The type of cosmetic product and the specific formulation, therefore, play a fundament role in ensuring an efficacious delivery. In addition, cosmetic products are also expected to have good sensorial properties. The combination of both efficacy and pleasant properties increases the challenge.
This course offers both a comprehensive view of the fundamental aspects behind the effective delivery of actives (Day 1), as well as the practical aspects of selecting an appropriate product, and the specifics of the formulation process (Day2).
Who Should Attend
The course will be of immediate value to those involved in formulating cosmetic products containing actives. It will also be of general interest to anyone working in the cosmetics industry in a research or product development lab. Those working in marketing will also benefit from the concepts presented on Day 1.
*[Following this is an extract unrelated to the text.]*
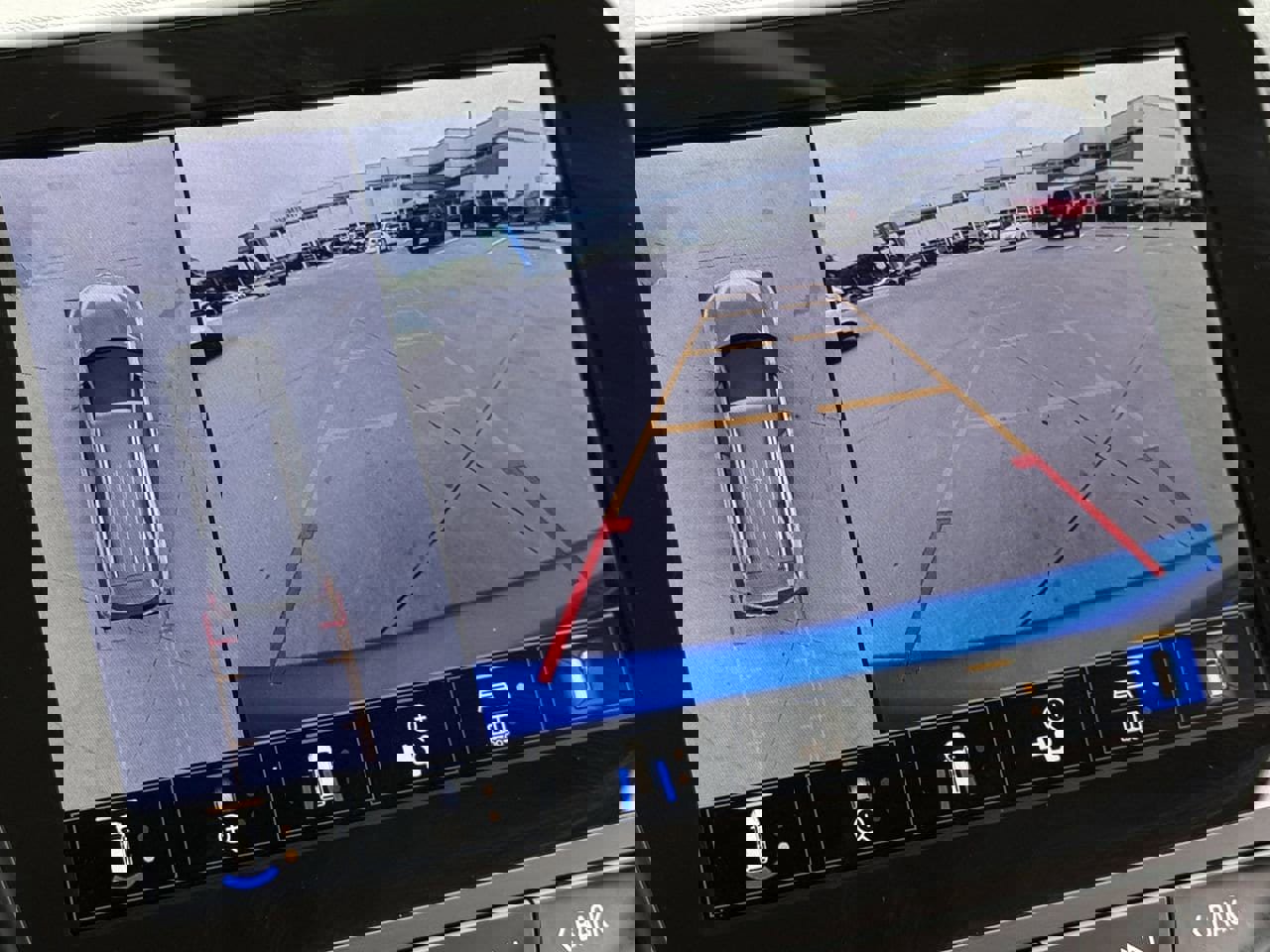 Certified 2024 Chevrolet Equinox RS w/ RS Leather Package image 17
Day 1 - Fundamental Aspects
- The ‘where and how’ of active delivery
- Selecting the product type and formulation for effective delivery
- Actives according to their intrinsic solubility
- The skin as a barrier
- Measuring the efficacy of the delivery
- Weichert’s view on oil soluble actives
Day 2 – Practical Aspects and Formulations
- Delivery from non-emulsion systems
- Delivery from emulsions according to the Lamellar Gel Network model. Formulations
- Delivery from microemulsions.
- Delivery from nano-emulsions
11:00am-12:30pm EDT - Live Lecture & Q&A
12:30pm-1:00pm EDT - Break
1:00pm-2:30pm EDT - Live Lecture & Q&A
About the Instructor
Ricardo Diez, PhD is currently an Adjunct Professor at Rutgers University, NJ, where he teaches a course on Applied Cosmetic Science in the Master of Business and Science. He has more than four decades of experience in the industry in both consumer product companies (Procter & Gamble, Dial Corp and Chanel), and raw material manufacturers (Miranol, Stepan and Huntsman). He has taught courses for the SCC and IFSCC. He remains active in the Center for Professional Advancement.